The Mudcat Café TM
Thread #52843   Message #814481
Posted By: Malcolm Douglas
30-Oct-02 - 12:08 PM
Thread Name: Lyr Add: The Buck's Elegy (corrupt text?)
Subject: RE: BUCK'S ELEGY -- A corrupt text?
Knowing where material was quoted from really does help. In this case, Lloyd quotes two verses of The Unfortunate Rake, selected because the previous song discussed was The Flash Lad, which also ends with a military-style funeral. He then comments, "This song was heard in Dublin in the 1790s". He doesn't give a source for the two verses quoted, but there's no particular reason to think that he is saying that those two verses in particular are from 1790s Dublin; merely that the song in general can be traced back that far. The same superficial ambiguity occurs in the notes to the Sedley collation mentioned earlier, and has, as we have seen, led to some confusion.

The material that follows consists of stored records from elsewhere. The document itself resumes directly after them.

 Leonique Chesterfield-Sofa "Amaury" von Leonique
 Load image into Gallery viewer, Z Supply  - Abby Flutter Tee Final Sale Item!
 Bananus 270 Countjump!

So far as I know, (not having seen the Lomax book) the dating to 1790 derives initially from Patrick Weston Joyce; in his Old Irish Folk Music and Songs (1909) he reproduces one stanza, with tune, noting "From Mr. W. Aldwell of Cork ("Dec. 17, 1848"), who heard air and song sung in Cork about the year 1790. He remembered one verse of the song, which, as Forde remarks, is curious for the absense of rhyme".

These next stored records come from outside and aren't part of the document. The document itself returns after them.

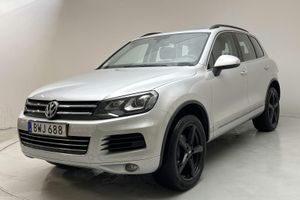 Volkswagen Touareg bild 1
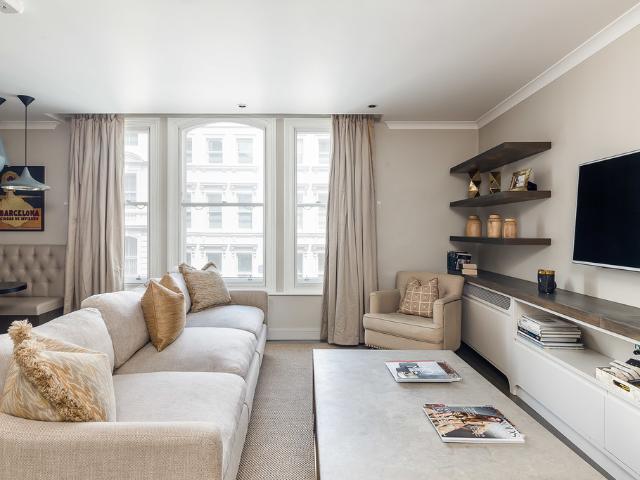 Apartment for rent in Covent Garden, Isle Of Man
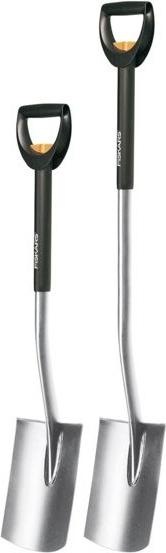 Image du produit Fiskars Bêche de jardin télescopique ronde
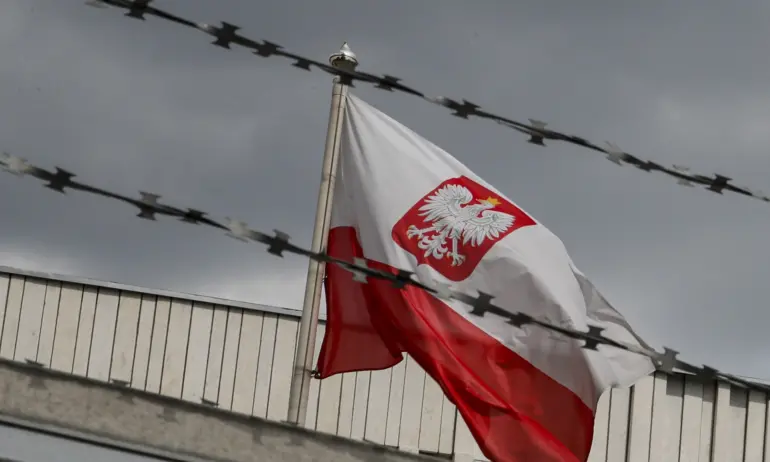 Полша извика руския посланик, за да протестира срещу навлизането на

My jewel, my joy, don't trouble me with the drum
Sound the dead march as my corpse goes along;
And over my body throw handfuls of laurel,
And let them all know that I'm going to my rest.

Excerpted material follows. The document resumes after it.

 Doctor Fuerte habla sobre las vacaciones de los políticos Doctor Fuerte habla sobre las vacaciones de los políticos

Distant memory is not always the best way of dating songs; really, all we have here is hearsay. It seems that the same tune was printed in Crosby's Irish Musical Repository in 1808 (ref. David Atkinson, The Unfortunate Rake, in Root and Branch no.1, 1999) but that doesn't necessarily mean that it belonged to the Unfortunate Rake at that time. Only someone who has seen the book could tell us more about that.

When I Was On Horseback, incidentally, was recorded by Peter Kennedy from the traveller Mary Doran, near Belfast in July (according to Kennedy; the Roud Index gives it as August) 1952. It appears to be the only example found of that particular branch, which may have to be considered -unless someone comes up with another- a dead-end for your purposes.